I am going to work on reading different parts of it this week and excerpt, I think. I'm fascinated -- by the history, by the writing by the glimpse into current thought in 1904... and today.


This work is the outgrowth of an effort on the part of the editors of McClure's Magazine to deal concretely in their pages with the trust question. In order that their readers might have a clear and succinct notion of the processes by which a particular industry passes from the control of the many to that of the few, they decided a few years ago to publish a detailed narrative of the history of the growth of a particular trust. The Standard Oil Trust was chosen for obvious reasons. It was the first in the field, and it has furnished the methods, the charter, and the traditions for its followers. It is the most perfectly developed trust in existence; that is, it satisfies most nearly the trust ideal of entire control of the commodity in which it deals. Its vast profits have led its officers into various allied interests, such as railroads, shipping, gas, copper, iron, steel, as well as into banks and trust companies, and to the acquiring and solidifying of these interests it has applied the methods used in building up the Oil Trust. It has led in the struggle against legislation directed against combinations. Its power in state and Federal government, in the press, in the college, in the pulpit, is generally recognised. The perfection of the organisation of the Standard, the ability and daring with which it has carried out its projects, make it the pre-eminent trust of the world-the one whose story is best fitted to illuminate the subject of combinations of capital.

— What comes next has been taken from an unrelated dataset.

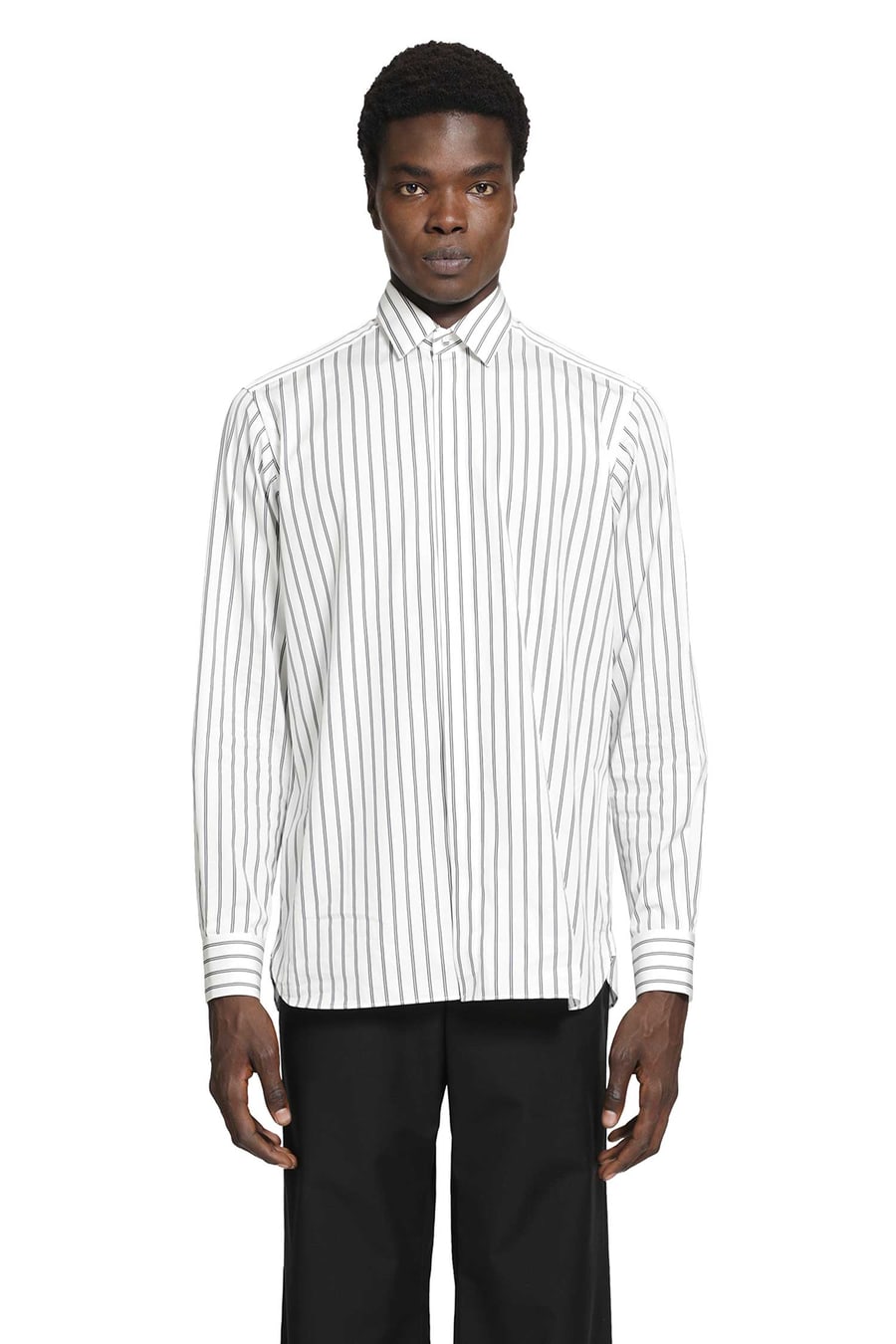 Tom Ford Poplin Stripe Classic Shirt, view 2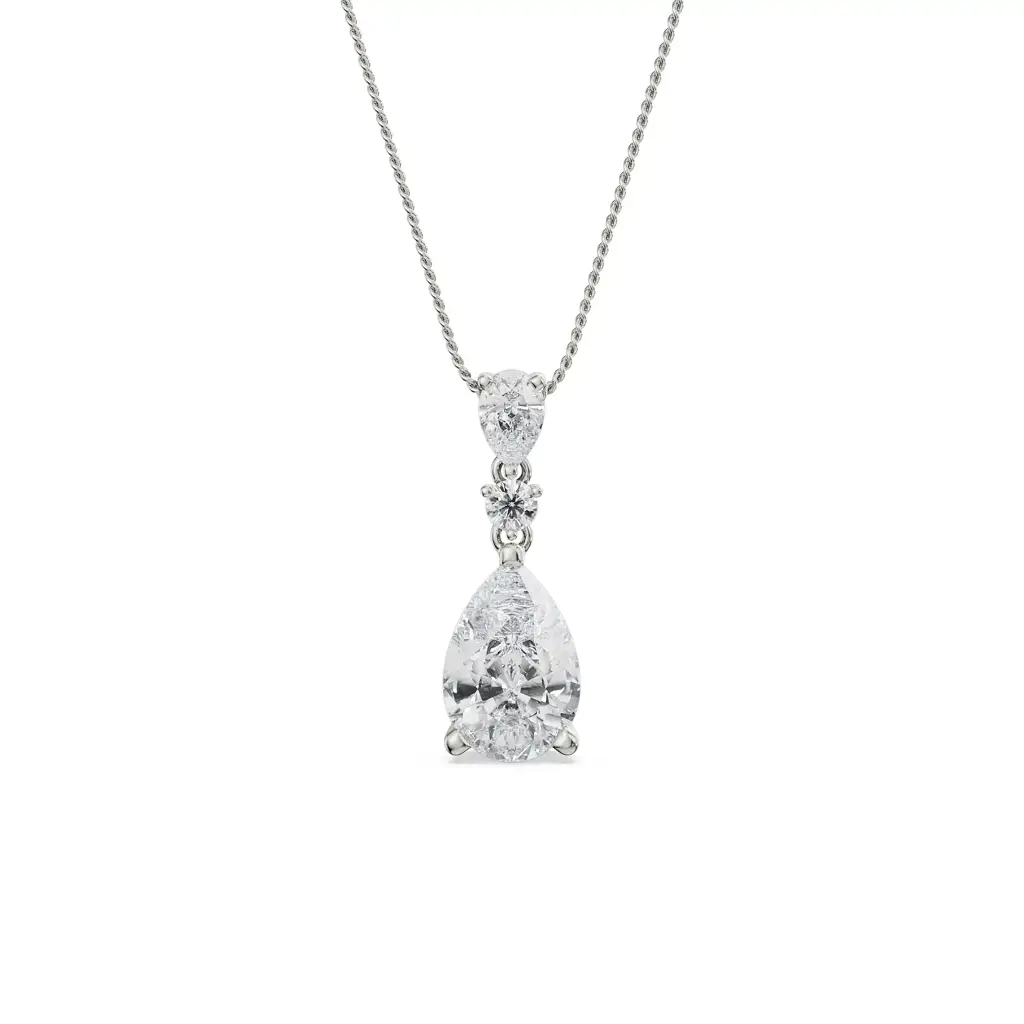 Pear Diamond Drop Pendant : P627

Let's remember, now, Standard Oil later became Exxon-Mobil. Read it again:

Exxon-Mobil was chosen for obvious reasons. It was the first in the field, and it has furnished the methods, the charter, and the traditions for its followers. It is the most perfectly developed trust in existence; that is, it satisfies most nearly the trust ideal of entire control of the commodity in which it deals. Its vast profits have led its officers into various allied interests, such as railroads, shipping, gas, copper, iron, steel, as well as into banks and trust companies, and to the acquiring and solidifying of these interests it has applied the methods used in building up the Oil Trust. It has led in the struggle against legislation directed against combinations. Its power in state and Federal government, in the press, in the college, in the pulpit, is generally recognised. The perfection of the organisation of Exxon, the ability and daring with which it has carried out its projects, make it the pre-eminent trust of the world-the one whose story is best fitted to illuminate the subject of combinations of capital.